- **What the exercise asks**: Starting from the line containing "Pier 1, Navy", give again every line through the end of the entries, word for word. Pictures stay out of the copy.

# # # #

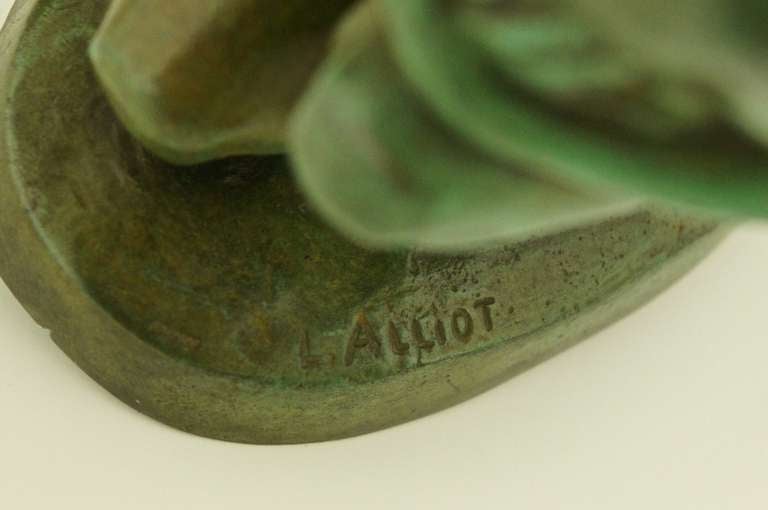 Art Deco Bronze Of A Kneeling Nude By Lucien Alliot At Stdibs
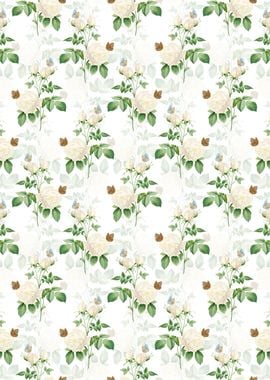 White Bengal Rose Pattern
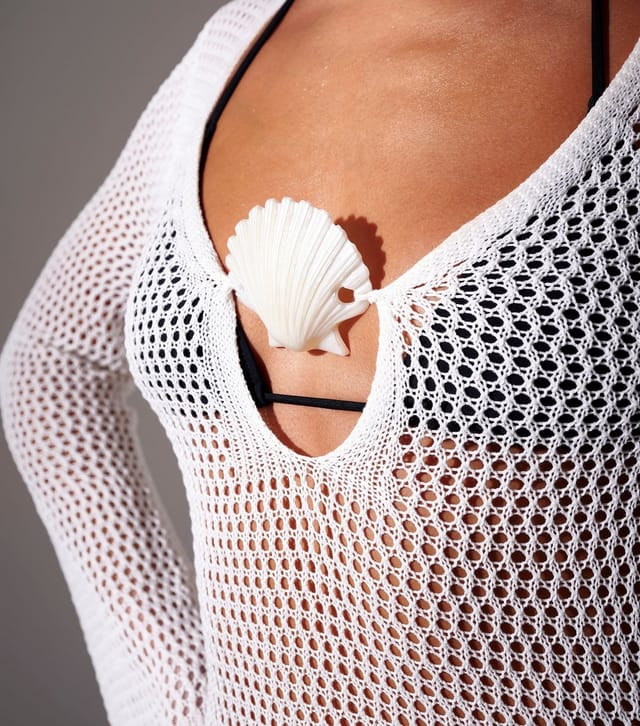 South Beach Women's White Crochet Flared Sleeve Maxi Dress South Beach New Look - 3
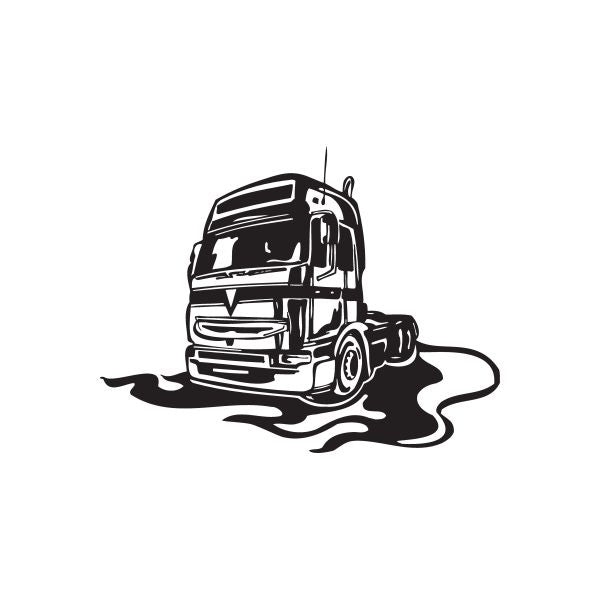 Semi truck vinyl wall decal, black outline with road splash shadow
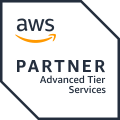 Rectangle with bottom-left and top-right corners removed. Inside the shape is text that reads "aws" with a yellow uppward-curved arrow underneath. Below that reads "Partner" in all capitals with" Advanced Tier Services" written below that all in black.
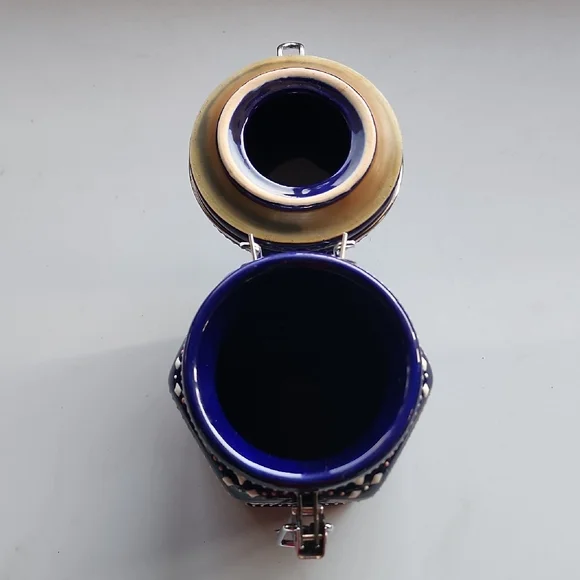 Pier 1, Navy and White Ceramic Canister. - Picture 7 of 10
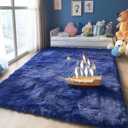 OLANLY 5x8 Machine Washable Large Area Rugs for Living Room, Bedroom, Soft Fluffy Shaggy Bedside Rug, Indoor Floor Carpet for Kids Girls and Boys, Dorms, Nursery, Home Decor Aesthetic, Navy Blue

# # # #

- **Answer for the task**:
 Pier 1, Navy and White Ceramic Canister. - Picture 7 of 10
 OLANLY 5x8 Machine Washable Large Area Rugs for Living Room, Bedroom, Soft Fluffy Shaggy Bedside Rug, Indoor Floor Carpet for Kids Girls and Boys, Dorms, Nursery, Home Decor Aesthetic, Navy Blue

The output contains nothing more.